## WHAT YOU NEED TO DO
For this exercise, reproduce each entry below exactly, excluding pictures.

= = = =

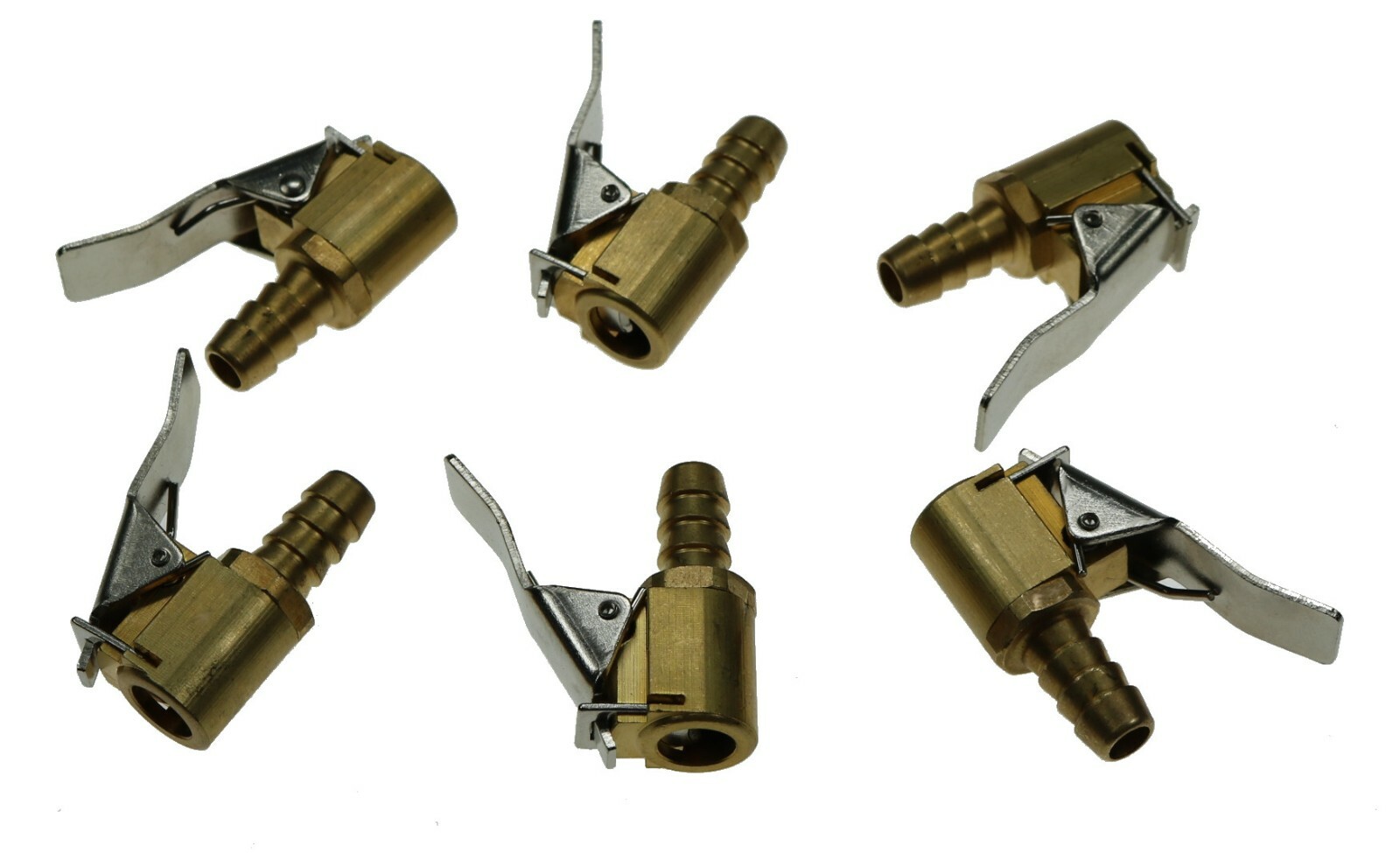 8mm Füllnippel Für HPA/N2 - Edelstahl, M10, Bis 300 Bar Mit O-Ring & Staubkappe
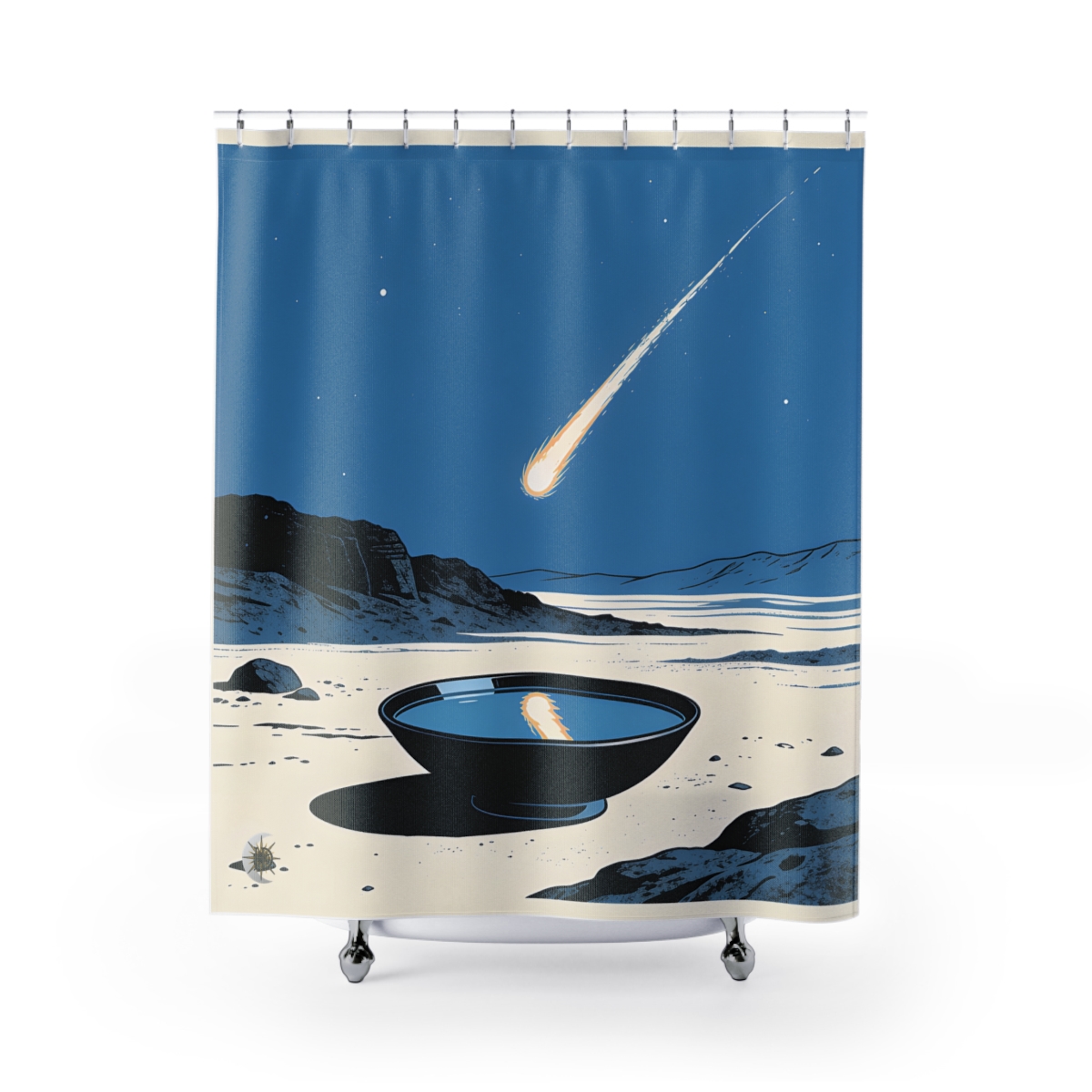 Original Art 1161 Shower Curtain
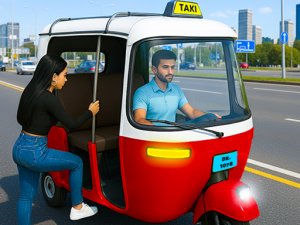 Urban Tuk Tuk Driving Adventure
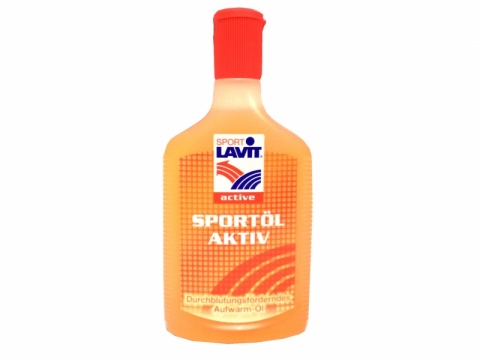 hřejivý olej Sport Lavit Sportöl Aktiv 200ml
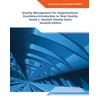 KNYGA Richard C Dorf Quality Management for Organizational Excellence: Introduction to Total Quality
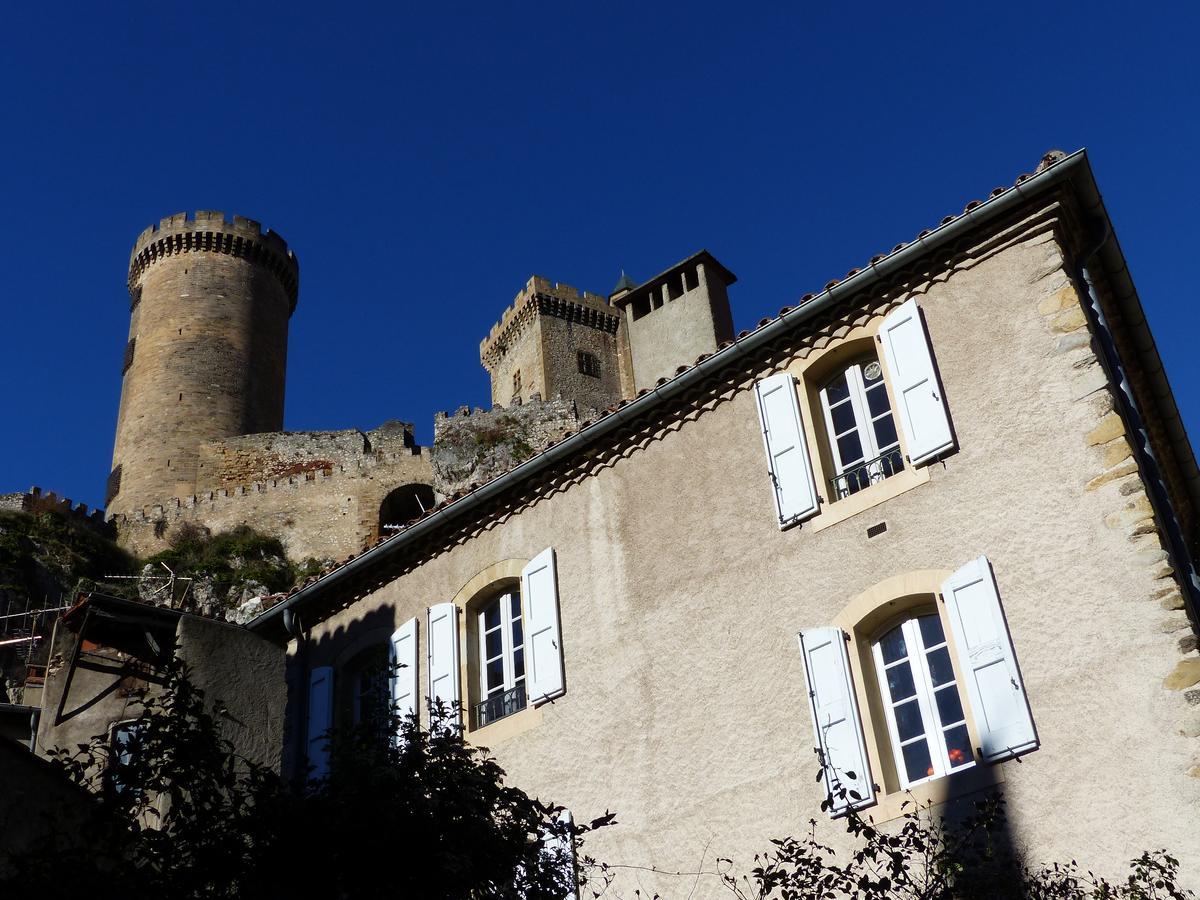 La Mirandole Bed and Breakfast Foix Exteriör bild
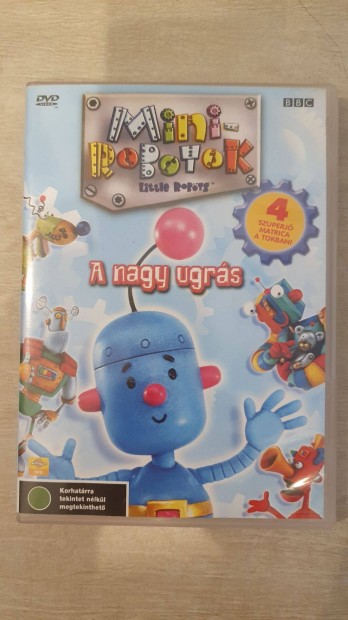 Mini robotok, A nagy ugrs DVD ingyen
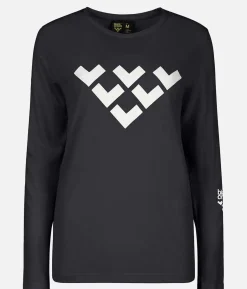 T-Shirt Femme Merino Blend Manches Longues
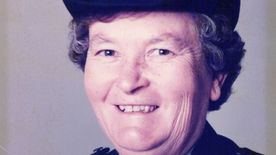 Tribute for Major Valerie Ferrett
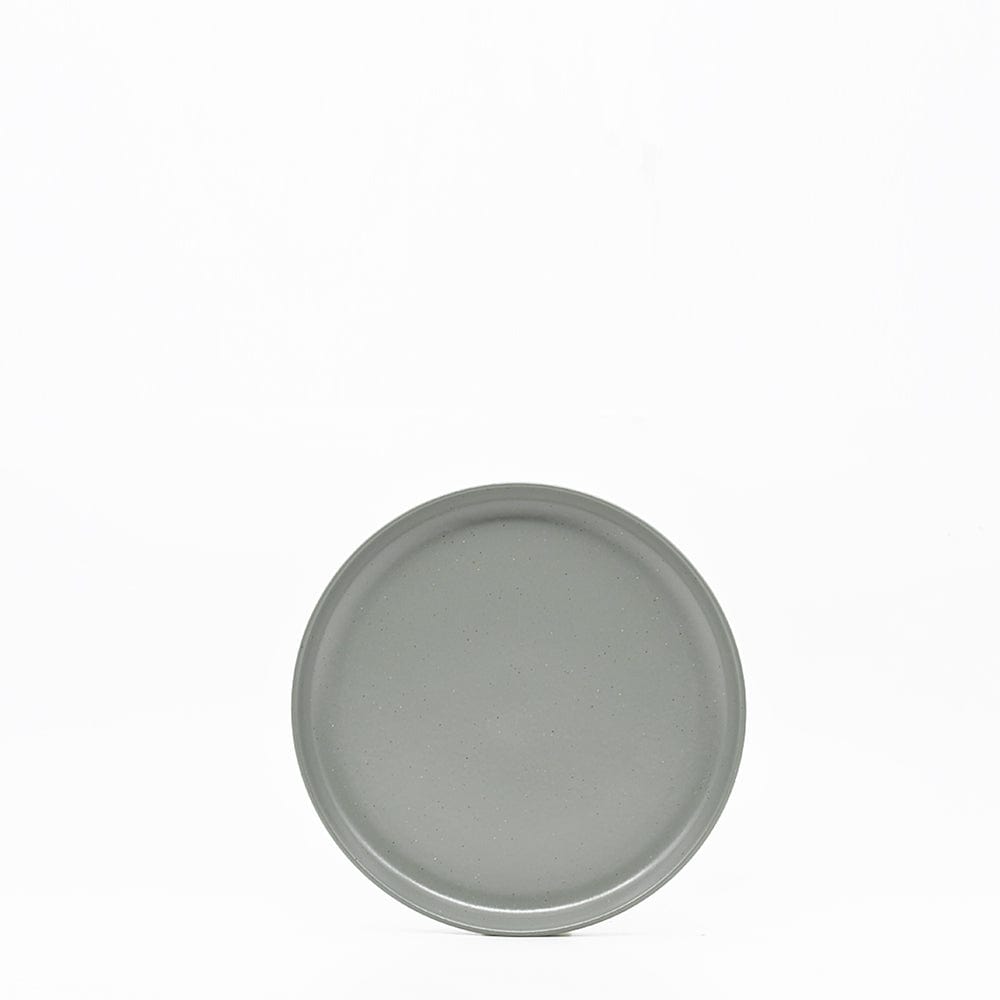 Pacifica I Stoneware Plate - Green - 6.3'' - Luisa Paixao | USA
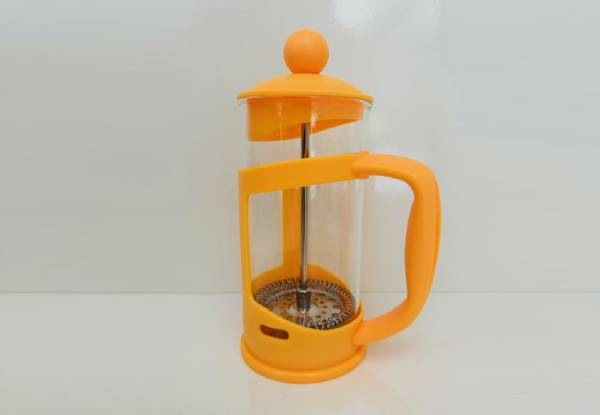 French Press Range - Available in Three Styles, Two Sizes & Four Colours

= = = =

## TASK ANSWER
 8mm Füllnippel Für HPA/N2 - Edelstahl, M10, Bis 300 Bar Mit O-Ring & Staubkappe
 Original Art 1161 Shower Curtain
 Urban Tuk Tuk Driving Adventure
 hřejivý olej Sport Lavit Sportöl Aktiv 200ml
 KNYGA Richard C Dorf Quality Management for Organizational Excellence: Introduction to Total Quality
 La Mirandole Bed and Breakfast Foix Exteriör bild
 Mini robotok, A nagy ugrs DVD ingyen
 T-Shirt Femme Merino Blend Manches Longues
 Tribute for Major Valerie Ferrett
 Pacifica I Stoneware Plate - Green - 6.3'' - Luisa Paixao | USA
 French Press Range - Available in Three Styles, Two Sizes & Four Colours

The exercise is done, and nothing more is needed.